No matter what you do or don't do, the narcissist will always end up being disloyal and unfaithful to you. They will always disappoint your hopes and expectations. They will break their promises and let you down in the end. What gives them the ability to do that is your belief—your acceptance that something exists or is true when you don't even have any proof. As long as you have this blind faith and confidence in the narcissist, you will experience unfortunate circumstances. When you finally come to your senses, you will realize that you have made a very big mistake. No matter what you do for them, they will always cheat, swindle, and exploit you in the end. It's just your belief that keeps you holding on as you go through this cycle of perceived loss and gain, doubting yourself while they're not even thinking about you in a serious way.


While you may not see it at the time, they already know that you're worth far more than what you're settling for. They know that at some point, you're going to get cold feet and realize that you've made a bad investment. This is why they've always got one foot out the door. They're just waiting for that moment when you wake up and finally realize what you've gotten yourself into.


Until that point, you're still giving them your serious consideration, giving careful thought and reflection as though you actually believe that it could amount to something worthwhile in the future. They've managed to gain your acceptance and belief, which are really the only things they need to keep you stuck. You should already know what you're dealing with after witnessing their behaviors over a long period of time. You should continue in this course of action with commitment and without any doubt, instead of treating them as though they're not your enemy or opposition. That's only going to put you back where you started. It's not going to cause you to gain any ground; it's only ever going to set you back even more.

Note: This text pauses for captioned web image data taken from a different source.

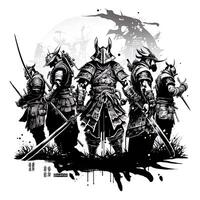 Samurai Krieger mit Katana Schwert. Ronin Samurai gegen fünf Feind umgeben Über zu Streit, Comic Stil generativ ai foto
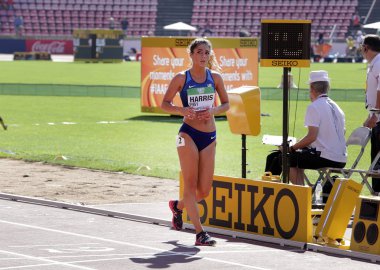 Tampere, Finlandiya, 14 Temmuz: Lauren Harris 10000 metre yarış yürüyüş IAAF Dünya U20 Şampiyonası Tampere, Finlandiya 14 Temmuz, 2018'nda ABD.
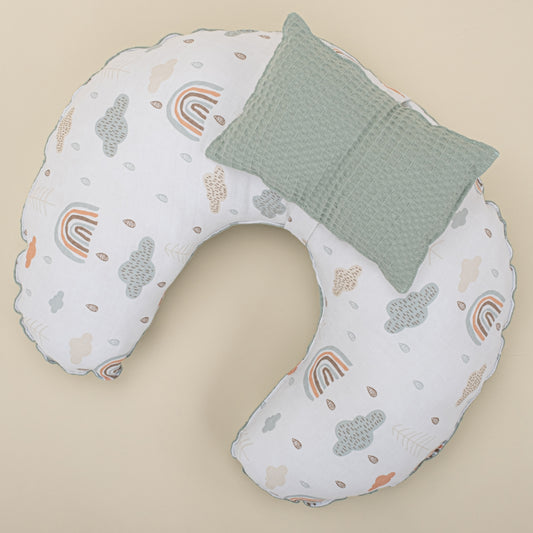Breastfeeding Pillow - Mint Honeycomb - Green Rainbow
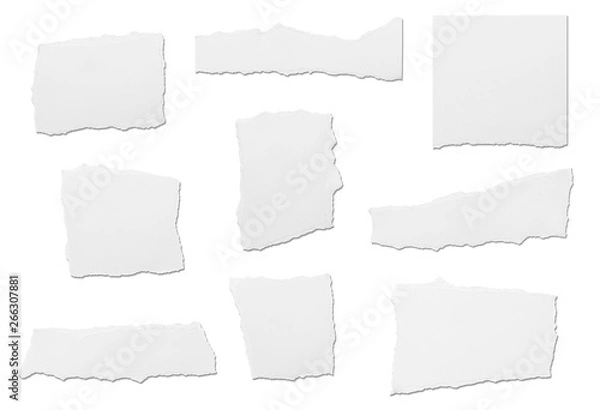 Fototapeta white paper ripped message torn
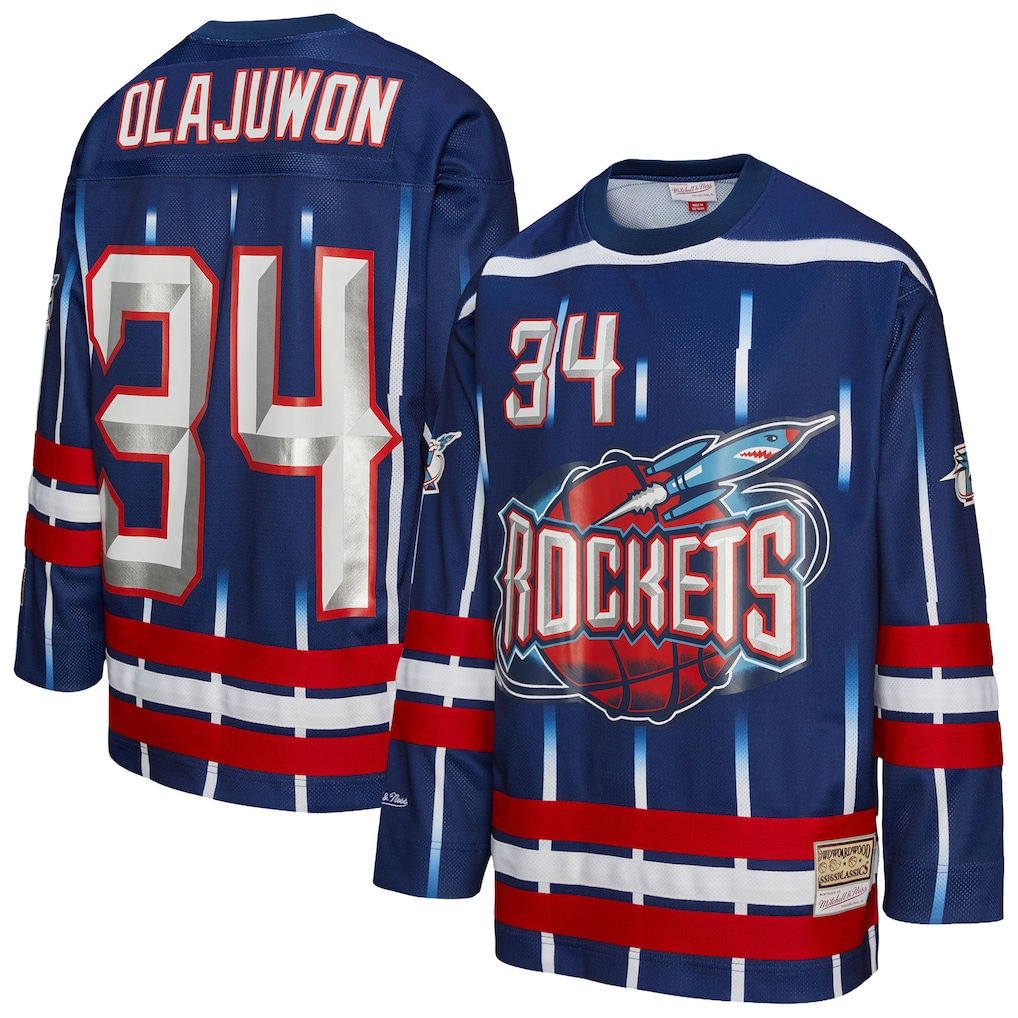 Jamed H.Rockets #34 Hakeem Olajuwon Mitchell & Ness Navy Maxxed Out Fashion Hockey Stitched Jerseys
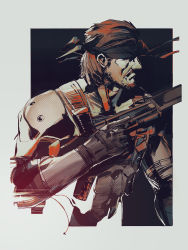 Rule 34 | 1boy, alterab, bandana, beard, black gloves, bodysuit, border, brown hair, facial hair, gloves, highres, male focus, metal gear (series), metal gear solid, solid snake, solo, tactical clothes, upper body, weapon, white border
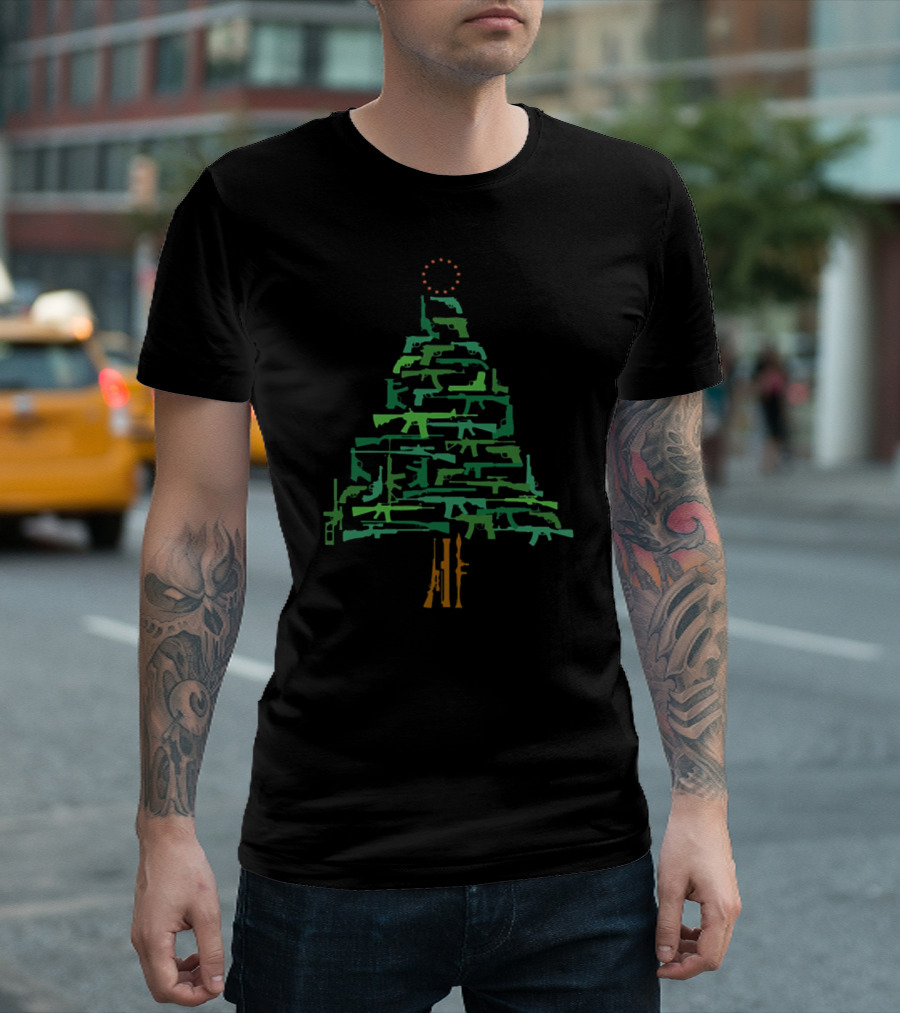 Christmas Tree Made Of Green Guns T-Shirt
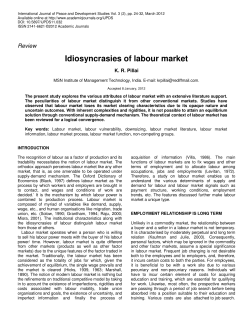 Idiosyncrasies of labour market - AMS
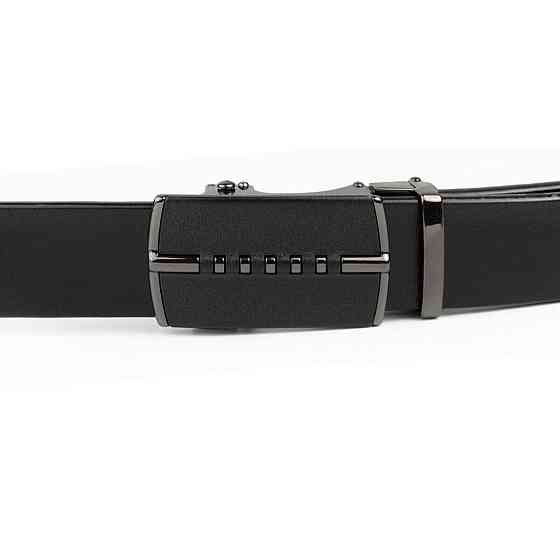 Ремень мужской с пряжкой автомат матовой Vintage 20318 Черный Киев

You must move in a certain way to protect yourself by being aware of what they're trying to do to you. All they're trying to do is destroy you. They may come to you and try to play the victim, but they are always the initiators of everything that goes wrong because they orchestrate it all. They're just trying to get you to feel sorry for them so that you don't leave them. They know that you're empathic, so of course, it's very easy for them to play on your mind because you want to help. You don't want to let anyone down; that might make you feel guilty. You want to be the one who rescues them, but by doing that, you are making a big mistake.


You should be taking away your belief and acceptance from what is being presented and instead, you should be looking at it from a rational point of view where you're able to make a sensible decision. There is a clear ongoing pattern of behavior which should reveal to you that something is not right. It should allow you to remove yourself from the situation emotionally because everything they're telling you or displaying to you is just to leave you unprotected, where you are then vulnerable to attack when you were just trying to help them. That is how they keep you stuck. You can't help them; they don't even want you to help them. They just want to punish you. If you trust and believe in them, they're just going to drain you of your resources and support until you finally come to the conclusion that you should have trusted your better and initial judgment of never getting involved with them to begin with.


It's never going to be any good for you. It's never going to work to your advantage. They just manage to instill this belief in you that there is something good about them when really there is nothing good about them. It's just a false adherence so that they can get something out of you. Many people choose not to believe it and strive forward in an attempt to assist someone who is only going to exploit them in the end. It is all a game, and whether you get played or not really depends on your belief. It depends on whether or not you're still hopeful when you accept them as honest and deserving, even though you may have doubts. That is what puts you into trouble, where you're overlooking the ongoing patterns of behavior which are only going to repeat themselves. They're only going to continue their reckless self-sabotage and behavior even while you're trying to help them because that's just the nature of their disorder. They always do things that block their own success and prevent them from accomplishing their own goals. They always mess it up in the end, even when things are going well because deep down, they know that they don't deserve it. They know that they're lying to you and deceiving you, so they already know it's not going to amount to anything.


At some point, you're going to wake up and realize who and what you're actually dealing with, and then you're going to want to get rid of them. But by that point, you will have already lost so much from dealing with them. What got you to this point was your belief in them. If you believe you're dealing with a narcissist, you should never second guess yourself. Trust that you're making the right decision in taking yourself away from them because collaborating with them is only going to put you at a disadvantage. It's only going to set you back in life. It's never going to leave you in a better position than where you started.